Startups in this cluster focus on either providing analytical tools to identify and subsequently reduce carbon emissions, or offering hardware products (i.e., biofuel technologies) to immediately reduce carbon emissions within existing systems like engines or turbines.
One example that provides an analytical solution is Planetly. The Berlin-based startup offers businesses a transparent take on their carbon footprint based on all their corporate activities, and then provides solutions on how to reduce emissions (i.e., by recommending more sustainable packaging for product shipments in the case of e-commerce companies).
Another company worth mentioning is Enerkem, which produces clean fuels from waste, and then supplies airlines with biofuels. The use of biofuels, also referenced as SAF, can help lower commercial flights’ carbon emissions by up to 80%, compared to conventional fossil-based jet fuel. But ramping up SAF production to enable widespread usage will take years for a slow-moving and expensive process that has only a few producers at this time.
Hence, we also need to look at another alternative, which brings us to the final, most impactful, cluster.
Players in the remove dimension would be considered by many as deep-tech startups.
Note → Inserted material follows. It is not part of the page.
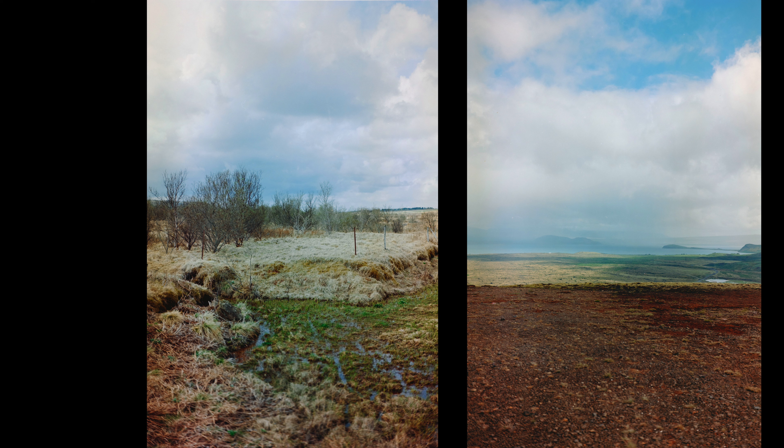On the left, the Mosfellsbær region — the horses and small lake we saw before. On the right, Þingvellir park east of Reykjavik with Þingvallavatn, the lake in the middle of the park. I really like the color rendering of Ektar 100 — I think it's a great combination with this camera. That covers the film section — now moving to digital.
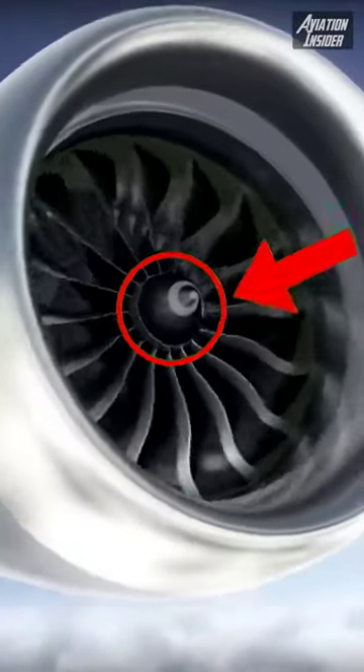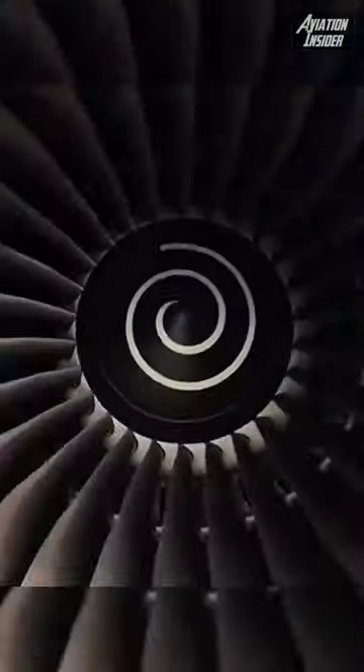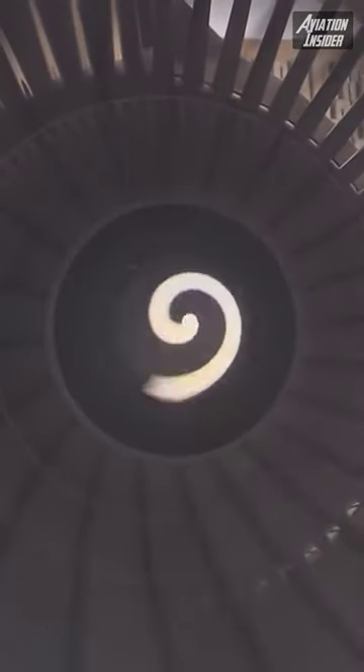Have you ever wondered what is the purpose of those tiny spirals inside jet engines? Some people think they are there just to look cool, but the reason is actually really important. Let me explain.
Operating mostly in classic B2B settings, the goal of these startups is to remove carbon emissions from the air through the use of carbon removal or capturing technology.
All these technology advancements are still in their infancy, but many of them have already attracted the interest of airlines and other Travel and Mobility Tech providers.
For example, United Airlines made a multi-million dollar investment in a company that is licensing direct air capture tech from Carbon Engineering, one of the startups pioneering this field. Their technology is seemingly able to capture more than 1 million tons of carbon dioxide from the air annually, or the equivalent of what 40 million existing trees would be able to capture.
A couple of final thoughts
Players in the Travel and Mobility Tech ecosystem, especially airlines, face huge barriers to becoming net-zero, even in the distant future.
Our startup mapping provides more clarity on which measures and startups might help in mitigating aviation’s climate impact. Partnering or investing in these players could be a valuable strategy in driving forward their technologies and offering their services to existing airline customers.
In general, we believe a mix of measures across offsetting, reduction, and removal solutions are necessary to bring us closer to a carbon-free transport future. Hence, even though offsetting yields fewer environmental benefits, we should not abandon it altogether, as it can serve as a good transition option until more effective solutions are developed and widely implemented.
Ultimately, the current development gives us cause for optimism, as seen with the growing number of startups tackling climate change, Venture Capitalists’ ambition to provide the necessary financial support, and the rapidly growing tech ecosystem (i.e., universities, governments, VCs, startups, and corporates) addressing climate change.